Simple App using Folium Choropleth with .geojson

Unlike the other previous blog posts, I will be diving into some technical skills I learned in class and online. Background info: Feras Altwal, Caroline Clark, and myself worked on a project together to create model to predict COVID-19 severity on county level. As an introduction to our project, we created a model to predict COVID-19 severity on county level using the census data. My job was to create a working app to visually present the features on a map with severity heatmap and show prediction according to our model.

Enough on our project. Let’s dive into Folium.
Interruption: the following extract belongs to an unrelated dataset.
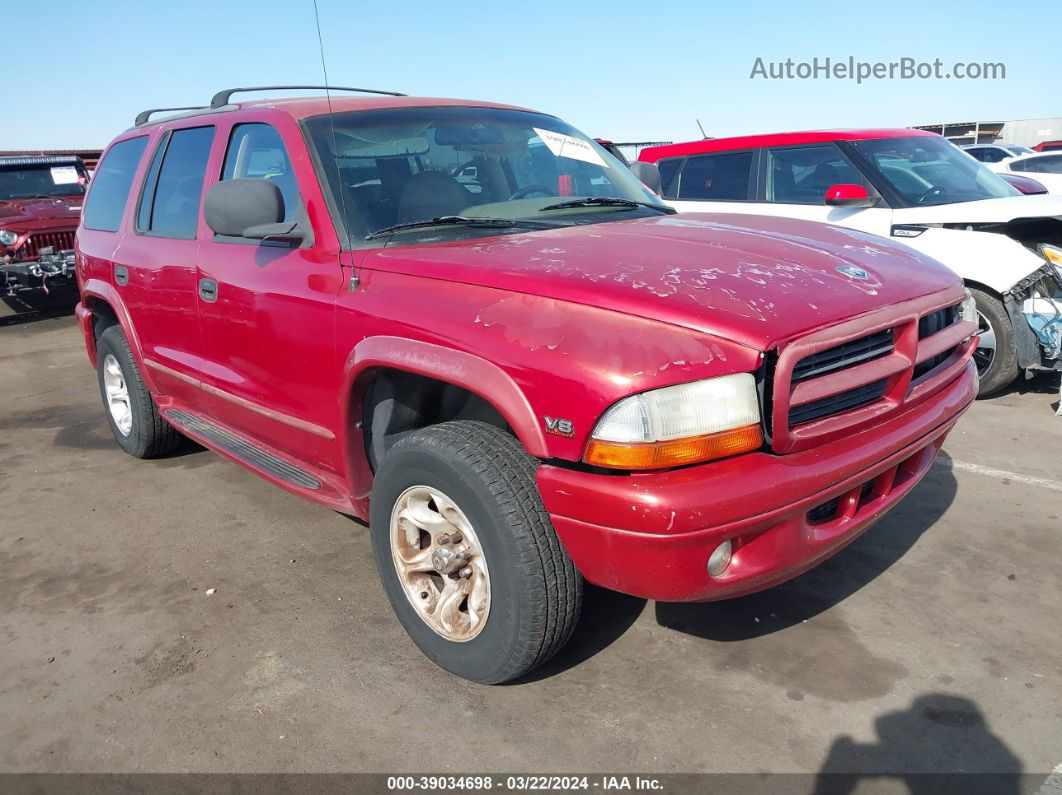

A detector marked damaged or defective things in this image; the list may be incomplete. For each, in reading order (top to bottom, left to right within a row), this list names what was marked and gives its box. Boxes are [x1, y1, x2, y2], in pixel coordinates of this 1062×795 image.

Here is a tl;dr. Our team extracted data on COVID-19 and the Census Bureau for California, Florida, Illinois, New York, and Texas in .csv file and exported geojson data for their counties.

The problem is that folium is compatible with json but not so much with pandas DataFrame. To bypass this we must hardcode the information we want into a type of .json file so our app can extract the data.

Starting from the beginning, let’s import the .csv file as ‘ca’ as a DataFrame and .geojson data as ‘json_counties’ since we are focusing on county level. For simplicity, I will only be demonstrating on State of California. Most importantly, the order of our data and .geojson must match up accordingly. So let’s alphabetically organize both data by county names.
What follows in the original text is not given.